Looks like the main problem was actually vector construction rather than reads (probably a kernel issue more than anything then).

One could argue that vectors aren't supposed to be used in a functional update style, but I think Shen tuples are implemented over vectors.

vec-read: run time: 5.890625 secs
vec-read+build@v: run time: 50.671875 secs
vec-read+build: run time: 27.34375 secs
list-hd: run time: 4.984375 secs
list-hd+cons: run time: 6.171875 secs
tuple-fst+build: run time: 21.75 secs
control: run time: 3.75 secs

(package null []
 (define r
   V 1000000000 -> ok
   V N -> (r V (+ N (<-address V 1))))

 (define rb1
   V 1000000000 -> ok
   V N -> (rb1 (@v 1 <>)
               (+ N (<-address V 1))))

 (define rb2
   V 1000000000 -> ok
   V N -> (rb2 (address-> (vector 1) 1 1)
               (+ N (<-address V 1))))

 (define c
   C 1000000000 -> ok
   C N -> (c C (+ N (hd C))))

 (define c/b
   C 1000000000 -> ok
   C N -> (c/b [1] (+ N (hd C))))

 (define t/b
   C 1000000000 -> ok
   C N -> (t/b (@p 1 []) (+ N (fst C))))

 (define control
   C 1000000000 -> ok
   C N -> (control C (+ N 1))))

(do (scm.collect 4) (time (r (@v 1 <>) 1)))
(do (scm.collect 4) (time (rb1 (@v 1 <>) 1)))
(do (scm.collect 4) (time (rb2 (@v 1 <>) 1)))
(do (scm.collect 4) (time (c  [1] 1)))
(do (scm.collect 4) (time (c/b  [1] 1)))
(do (scm.collect 4) (time (t/b (@p 1 []) 1)))
(do (scm.collect 4) (time (control unit 1)))

Answer 3 · 2018-09-04T04:31:08.000Z

Ok, I see what you mean. You will face the same problem in any port, this is not a problem with Chez.

Looks like the main problem was actually vector construction rather than reads (probably a kernel issue more than anything then).

One could argue that vectors aren't supposed to be used in a functional update style, but I think Shen tuples are implemented over vectors.

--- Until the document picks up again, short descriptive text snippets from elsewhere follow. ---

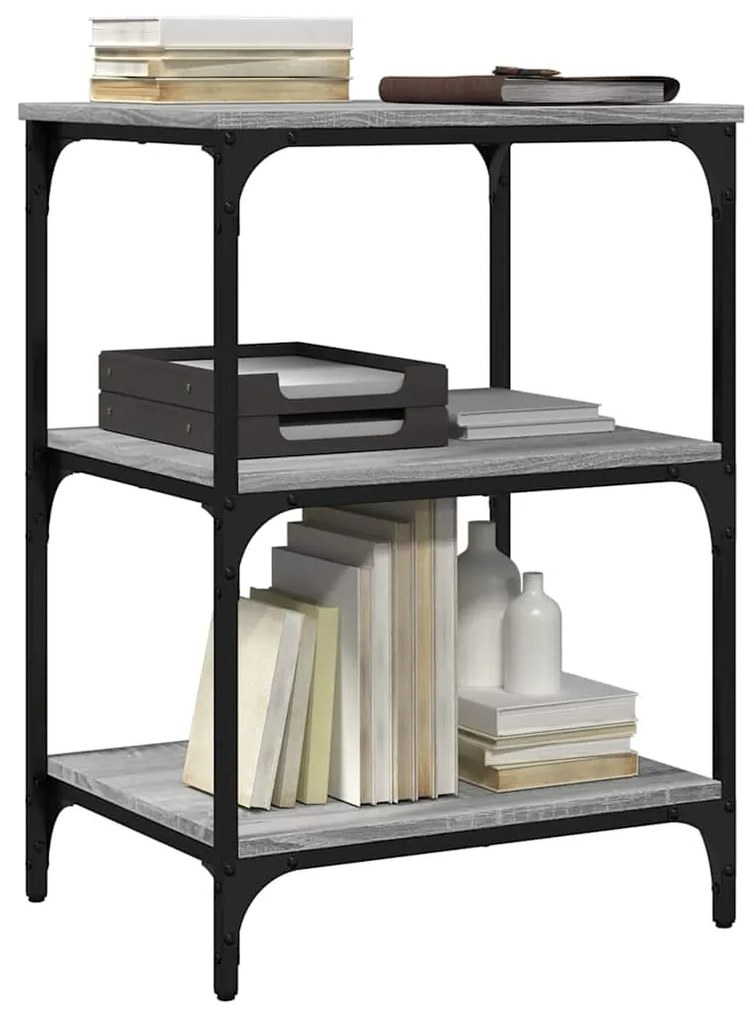 vidaXL Βάση Εκτυπωτή 3 Επιπέδων Γκρι Sonoma 50x41x75 εκ Επεξ. Ξύλο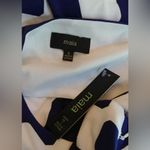 Maia Blue & White Chevron Wave Stripe Open Bow Back Modcloth Dress Coquette Girl Size 0 Photo 8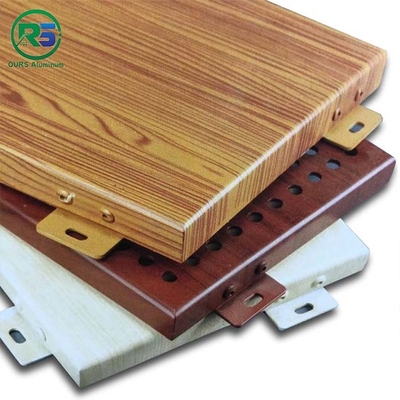 Building Decorative Wooden Gain Aluminum Wall Panels AA1100 AA5005 AA3003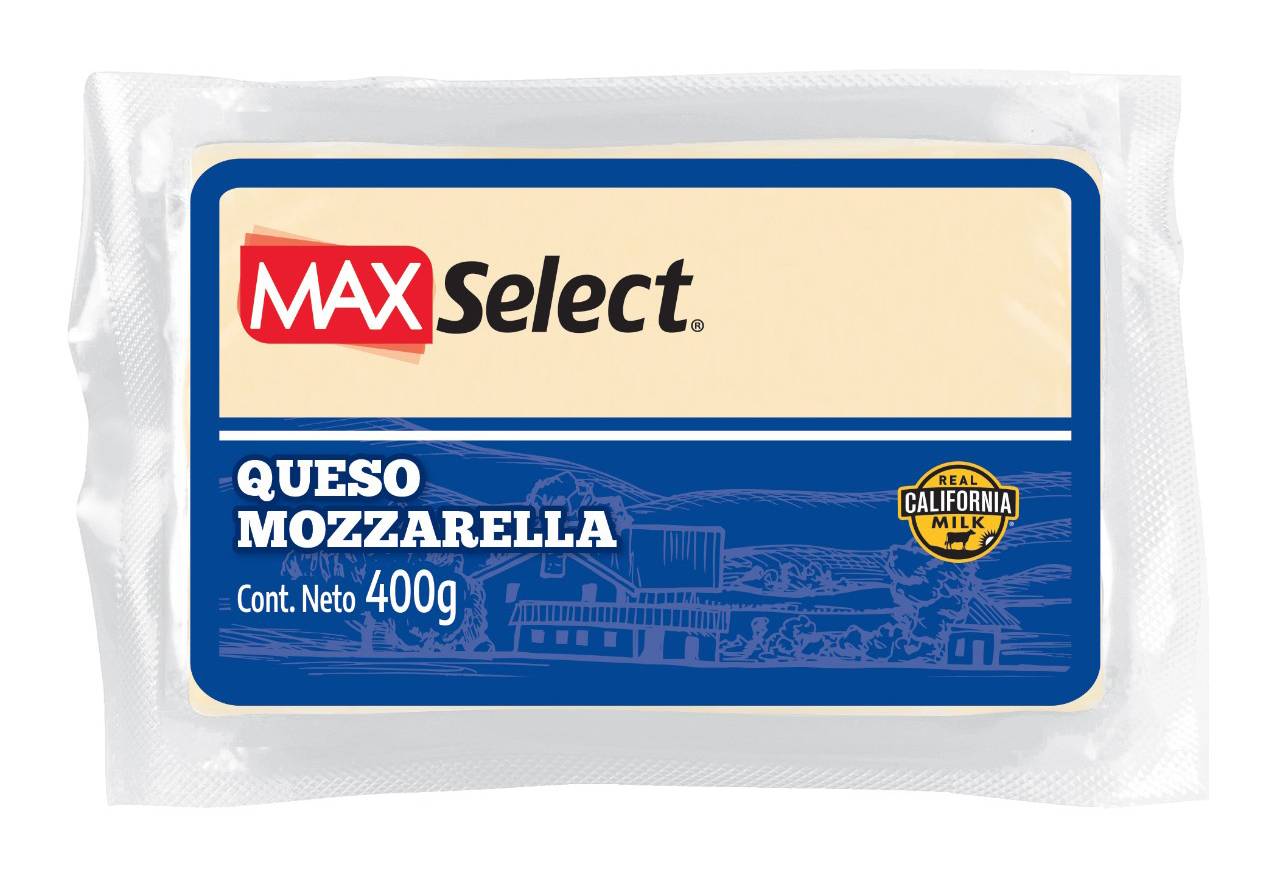 Max Select · Queso mozzarella (400 g)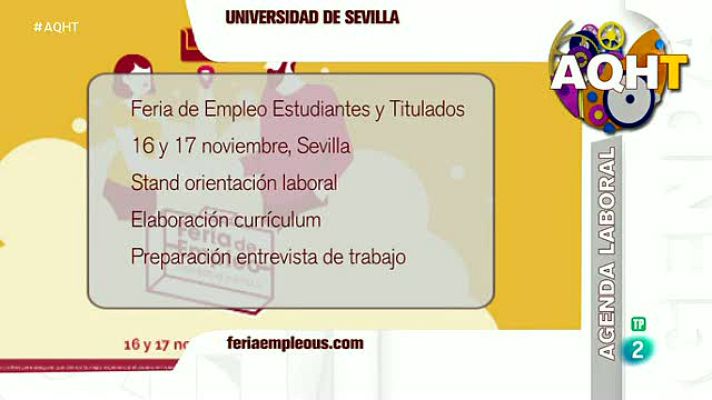 Aquí hay trabajo - Agenda Antiparo de actividades gratuitas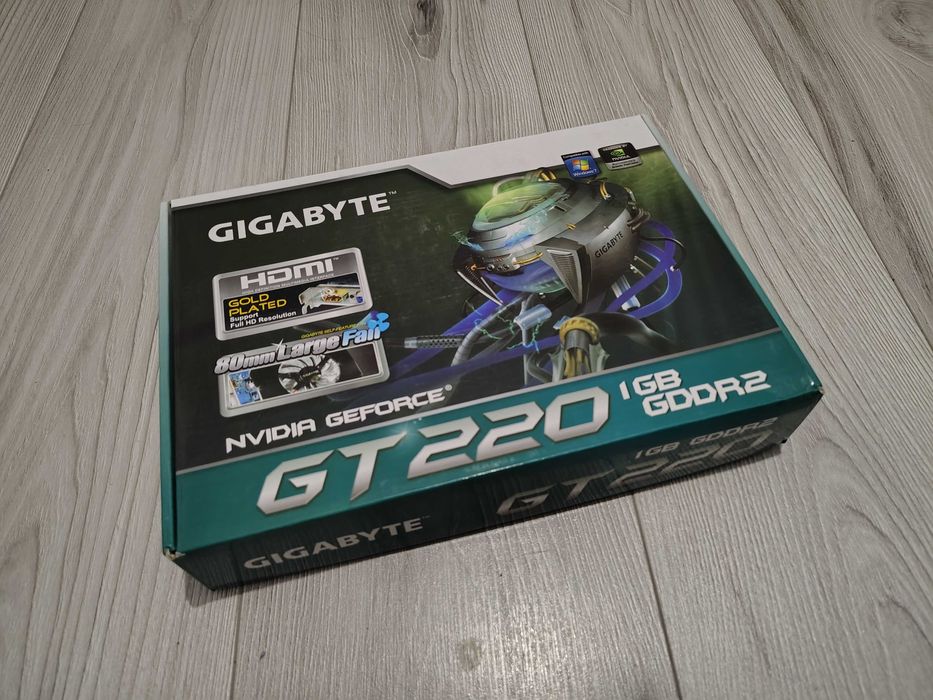 Karta Graficzna Gigabyte Nvidia  GeForce GT220 1GB DDR2 GV-N220D2-1GE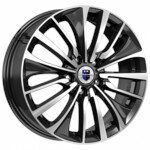 Литой диск K&K Flanker 6,5x17 4*100 Et:41 Dia:60,1 алмаз-чёрный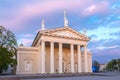 Cathedral of Vilnius at sundown light, Lithuania Royalty Free Stock Photo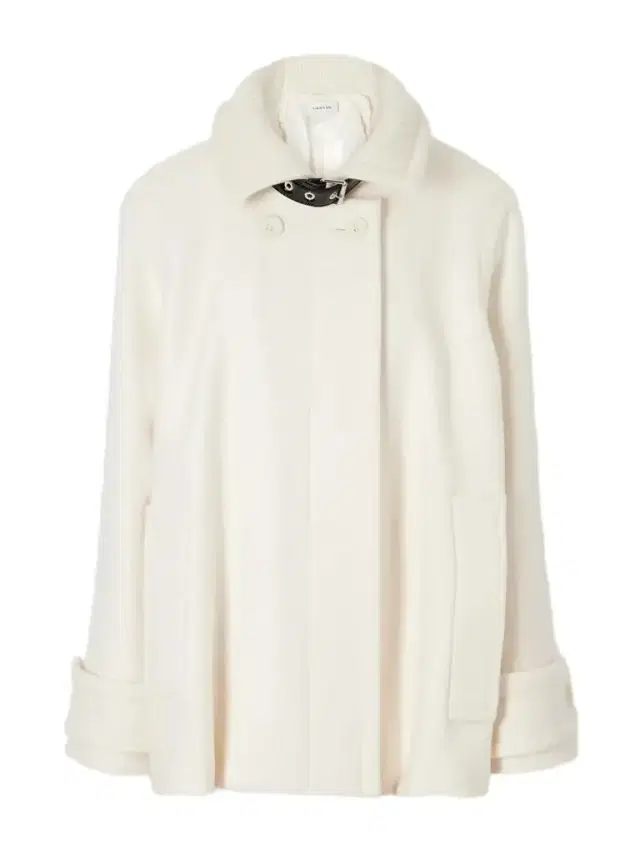 Lanvin Belted Leather-trimmed Wool Trench Coat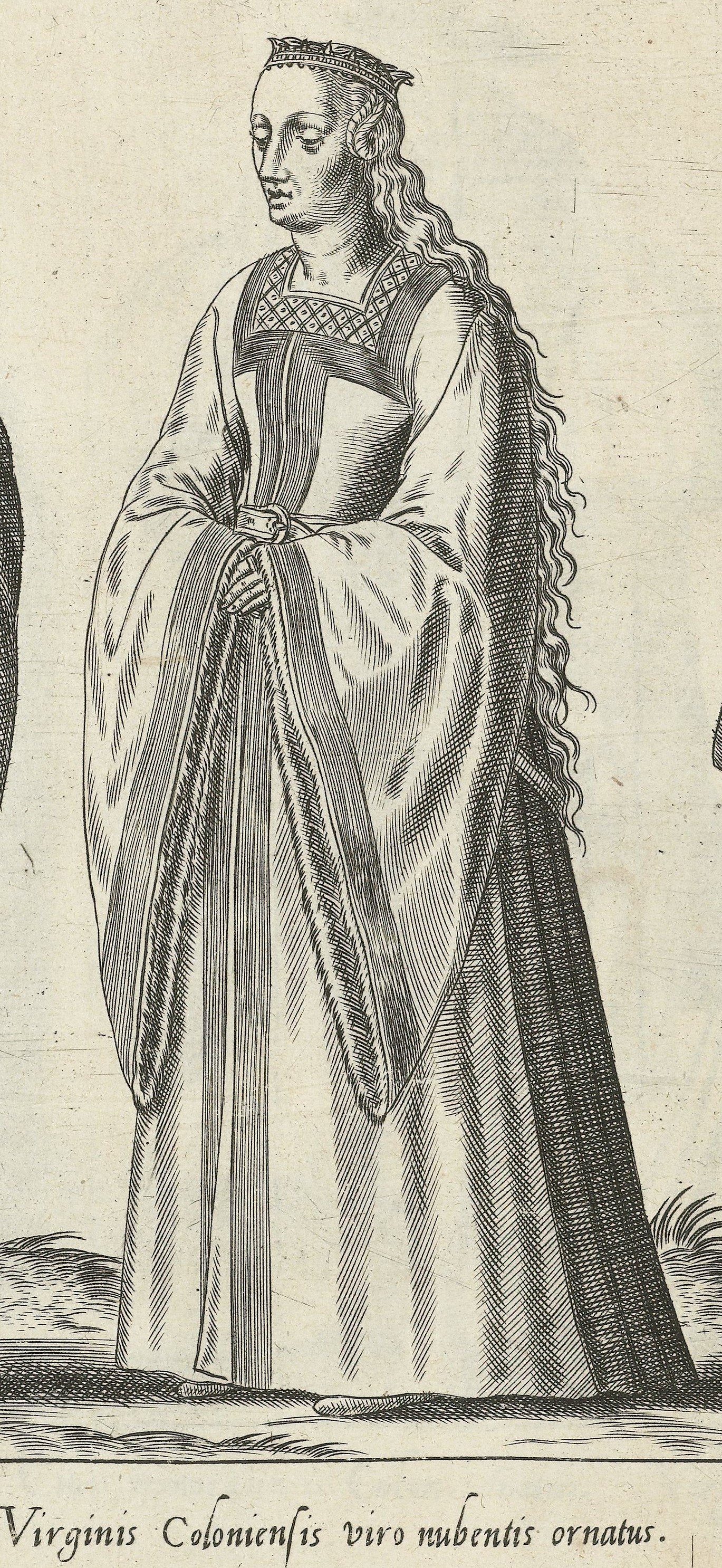 1581 Cologne, bride. Fig. 2, page 11, Omnium pene Europae, Asiae, Aphricae, Americae gentium habitus [...] de Bruyn. Rijsmuseum BI-1895-3811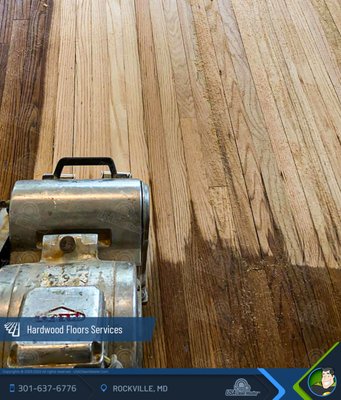 Hardwood and wood floor sanding, refinishing and cleaning - Rockville, MD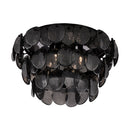 Four Light Flush Mount<br /><span style="color:#4AB0CE;">Entrega: 4-10 dias en USA</span><br /><span style="color:#4AB0CE;font-size:60%;">PREGUNTE POR ENTREGA EN PANAMA</span><br />Collection: Uroko<br />Finish: Black Nickel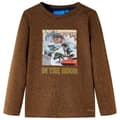 Miniatyrbild 2 av 8: T-shirt med långa ärmar för barn konjaksbrun 116 -  Toppar för barn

That is correct. Vectors have overhead in Scheme (and most platforms) already because they have to store their capacity and validate accesses, then Shen duplicates this overhead on top (when using vector instead of absvector) because it needs to keep track of that too and in addition, fill every slot with the (fail) object. To make things worse a construct like @v has to instantiate and copy vectors each time (either as a deconstructor in pattern matching or as a constructor).

I tried a version of rb2 but using (absvector 2) to construct the vector and it takes half the time (34.66s vs 16.04s -- because the Shen-side initialisation doesn't happen in that case).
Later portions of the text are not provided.